Introduction to Code Access Security (CAS)

Code Access Security (hereafter referred to as CAS) is a feature of the CLR that protects resources from unauthorized access. Not too long ago, there was a lot of concern about ActiveX controls because when you trusted such a control, you trusted it completely and implicitly. That meant that if you downloaded and trusted an ActiveX control, that control could then access your hard drive, delete important files, or otherwise wreak havoc with your computer. Even worse, innocent ActiveX controls could be used as security holes through which malicious code could be injected onto your computer.

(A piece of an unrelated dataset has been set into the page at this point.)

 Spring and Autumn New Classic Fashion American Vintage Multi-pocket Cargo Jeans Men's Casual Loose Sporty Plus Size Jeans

CAS provides a stock set of permissions and permission groups that can be used to restrict access to protected resources, giving the end user peace of mind knowing that no .NET code can ever access anything on his machine without his explicit permission. In addition, CAS includes the underlying plumbing that makes all of this possible. CAS is built directly into the .NET Framework so that it is impossible to write managed code that exists outside the boundaries defined by CAS. As you will see later in this chapter, end users and IT administrators alike can create and manage security policy for their computers or for an entire enterprise, choosing exactly which resources specific applications can access.

Permissions are enforced in such a way that code with limited security cannot make use of code with unrestricted security to gain access to protected resources. When the code demands a permission (illustrated in the Imperative and Declarative Security sections), the CLR walks backward along the call stack, examining the permission levels of each assembly in the stack. If the CLR finds an assembly that does not have the permission being requested by the code, the CLR will deny permission to everything on the call stack. This is illustrated in Figure 14.1.

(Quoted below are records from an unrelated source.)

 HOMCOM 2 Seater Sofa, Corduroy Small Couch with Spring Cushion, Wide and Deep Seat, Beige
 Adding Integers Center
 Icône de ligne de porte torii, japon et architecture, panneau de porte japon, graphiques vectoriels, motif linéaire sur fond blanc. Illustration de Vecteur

In this hypothetical scenario, untrusted code makes a call to an assembly that is partially trusted, which then in turn makes a call into a fully trusted assembly. In other scenarios, this could turn into a huge security hole and allow the untrusted code to do things like delete files in the system directory or make damaging changes to the registry. However, when the fully trusted assembly indicates that it needs a specific permission in order to continue, the CLR then walks backward along the call stack and examines the permission levels of all calling assemblies. If any of them have been denied the permission in question, so too will the fully trusted assembly, even though that assembly has the permission. This prevents exploiting fully trusted code for malicious purposes.